Ирма Кудрова широко известна своими книгами о жизни и творчестве Марины Цветаевой. Теперь читатели могут познакомиться и с ее воспоминаниями. Конечно, в них немало страниц, так или иначе связанных с Цветаевой, — воспоминания о первом ошеломлении стихами поэта, возникновении настоятельного интереса к ее жизни и о цветаевских штудиях в пору почти полной недоступности ее текстов; о людях, знавших Цветаеву, к которым приводили дороги исследования и азарт поисков; о посещении мест, где прошли годы и дни поэта. Уже по всему этому поклонники Цветаевой не смогут обойти вниманием воспоминания Ирмы Кудровой. В восьмистраничном “предварении” к мемуарам автор сообщает читателям: “Я прожила долгую жизнь, не чересчур богатую внешними событиями и приключениями… Но не помню времени, когда внутренняя моя жизнь надолго замирала… И мне было интересно вспоминать: восстанавливать (хотя бы по принципу мозаики) кусочки гостевания на этой планете. Мне захотелось увидеть, какую тропинку я протоптала и в каких обстоятельствах”... После беглого обзора важнейших “внешних событий” послевоенной поры (от смерти Сталина и хрущевской оттепели до появления Горбачева) приводятся существенные для автора слова Кьеркегора: “В воспоминании есть такая “действительность”, какой никогда не имеет самое действительность”. И за ними — начинаются собственно мемуары: детство, довоенный Ленинград, школа, эвакуация, возвращение, друзья юности, университет… Всегда интересно читать о том, чего не знаешь, но в этой книге много знакомых людей, мест, событий, и то, как точно, как верно о них говорится, как автор настойчиво стремится докопаться до сути, порождает уверенность в точности описания и правдивости того, о чем узнаешь впервые.

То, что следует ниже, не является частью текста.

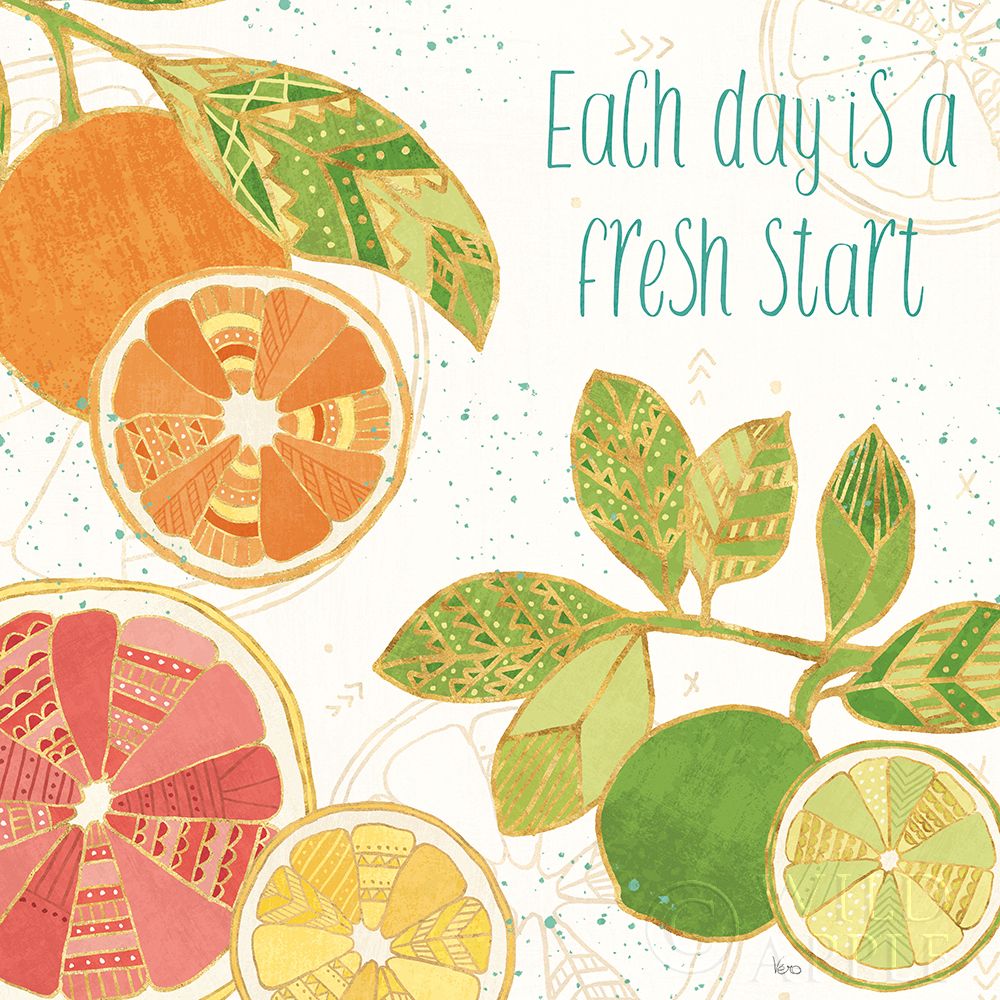 Citrus Splash Iv Poster Print by Veronique Charron - Item # VARPDX37556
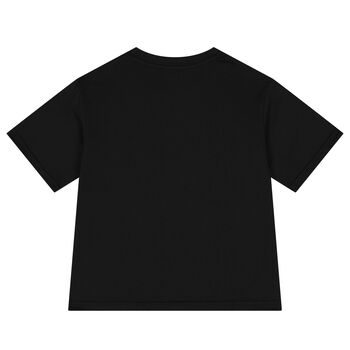 Girls Black & Gold Logo T-Shirt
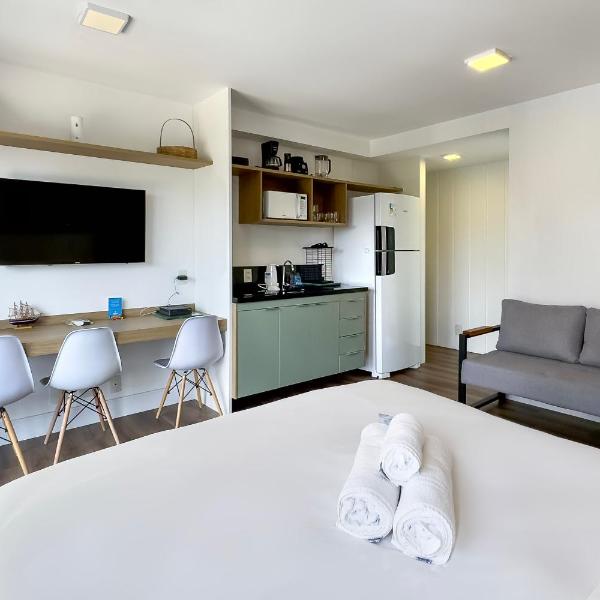 Studio moderno com vista incrível em São Paulo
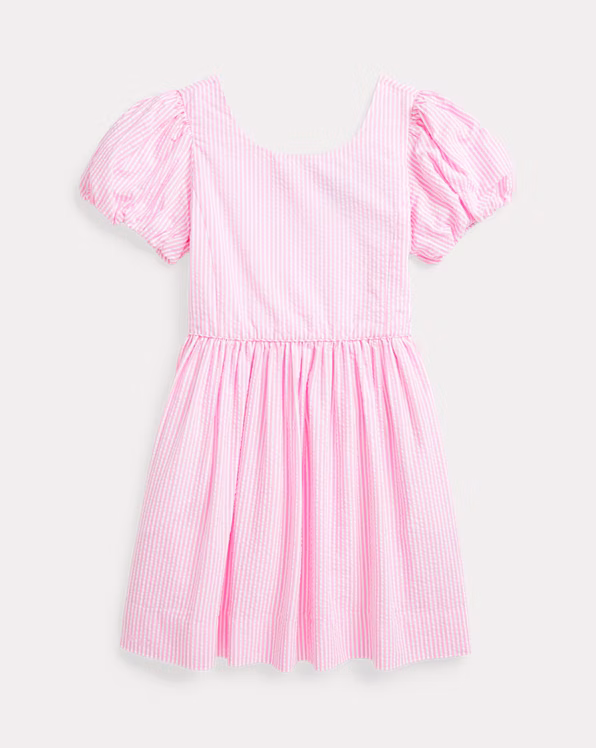 Striped Cotton Seersucker Dress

Все-таки я забежал вперед.
Если театр начинается с вешалки (по крайней мере, по Станиславскому), то книга — с обложки.
Книга Кудровой малоформатная (70 х 100), плотненькая (485 страниц нетонкой бумаги и не самого мелкого шрифта). На передней обложке — довоенное пляжное фото трех крупно снятых женщин с двумя малышками. Та, что постарше, одета в одну тюбетеечку и ответственно, строго отдает пионерский салют (это и есть автор книги в младенчестве; замороченный ребенок, — подумает нестарый читатель, глядя на ее название). Эта же салютующая малышка украшает корешок книги. А на задней обложке — небольшой портрет автора, уже написавшего знаменитые книги, и ее суждение о нынешней современности: о “молодых и бесстрашных” девушках из группы “Pussy Riot” (“…Они выбрали неожиданную, странную форму протеста. Но это был протест!..”). Знаменательный отрывок текста вынесен и на переднюю обложку, он обращен к современникам автора, сетующим на неудавшуюся жизнь и на то, что впереди нет просвета: “Не гневите Господа, друзья!.. Мы делали каждый свое дело, как могли, и если мы не совершили в своей жизни подвигов, то успешно уклонились и от предательств”. Это “мы” — может быть, прежде всего, о себе; есть в книге и о тех, что не “мы”, чья жизнь насыщена “пустяковыми, кухонными, денежно-вещевыми эмоциями”.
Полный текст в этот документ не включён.